_THE DATA_
----------------------------------------
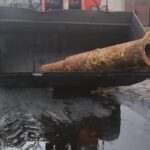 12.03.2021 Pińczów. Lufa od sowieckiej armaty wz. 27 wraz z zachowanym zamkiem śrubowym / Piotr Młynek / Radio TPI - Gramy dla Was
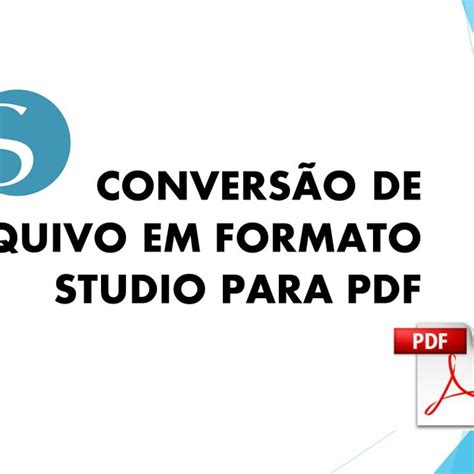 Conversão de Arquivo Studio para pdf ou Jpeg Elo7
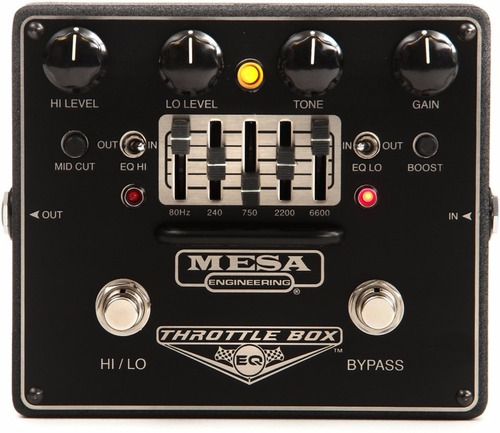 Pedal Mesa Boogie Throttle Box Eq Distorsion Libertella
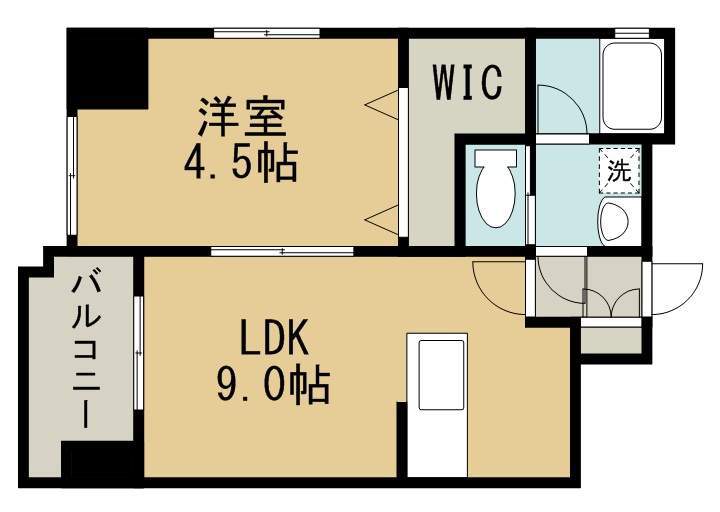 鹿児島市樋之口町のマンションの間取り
----------------------------------------
_WORK REQUIRED_
Each line above should be output exactly, apart from the pictures.

_ANSWER TO THIS PROBLEM_
 12.03.2021 Pińczów. Lufa od sowieckiej armaty wz. 27 wraz z zachowanym zamkiem śrubowym / Piotr Młynek / Radio TPI - Gramy dla Was
 Conversão de Arquivo Studio para pdf ou Jpeg Elo7
 Pedal Mesa Boogie Throttle Box Eq Distorsion Libertella
 鹿児島市樋之口町のマンションの間取り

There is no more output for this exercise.